# Assignment:
Your response should be an exact transcription of the data, images excluded.

# Given information:
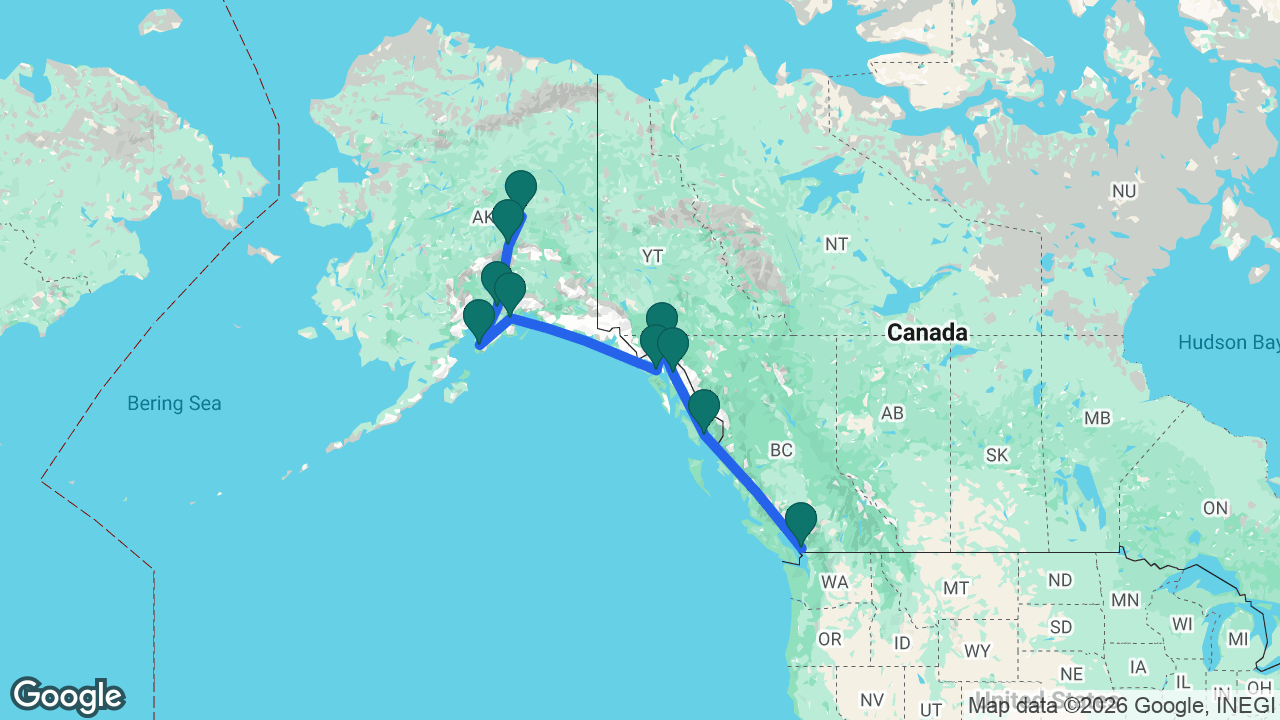 Route map: Fairbanks -> Denali -> Anchorage -> Homer -> Whittier -> Glacier Bay -> Skagway -> Juneau -> Ketchikan -> Vancouver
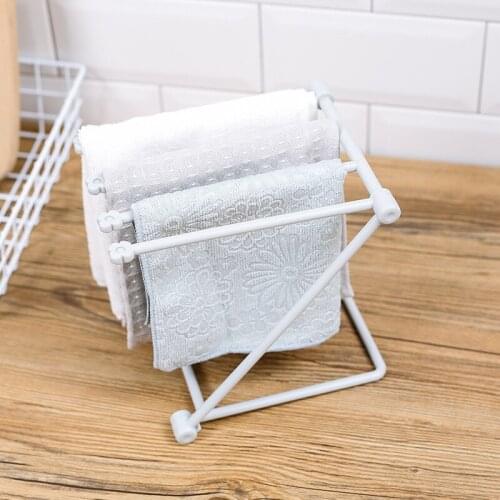 Foldable Storage Rack Shelf Towel Rack Hanging Holder Cupboard Rag Racks Hanger Household Supplies Kitchen Accessories Organizer
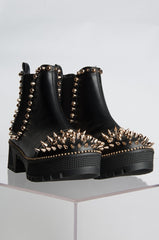 Cape Robbin Spiky Rager Black Vegan Leather Gold Spike Platform Chelsea Boot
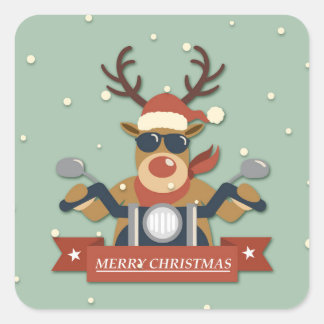 A reindeer sunglasses riding motorcycle square sticker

# Task output:
 Route map: Fairbanks -> Denali -> Anchorage -> Homer -> Whittier -> Glacier Bay -> Skagway -> Juneau -> Ketchikan -> Vancouver
 Foldable Storage Rack Shelf Towel Rack Hanging Holder Cupboard Rag Racks Hanger Household Supplies Kitchen Accessories Organizer
 Cape Robbin Spiky Rager Black Vegan Leather Gold Spike Platform Chelsea Boot
 A reindeer sunglasses riding motorcycle square sticker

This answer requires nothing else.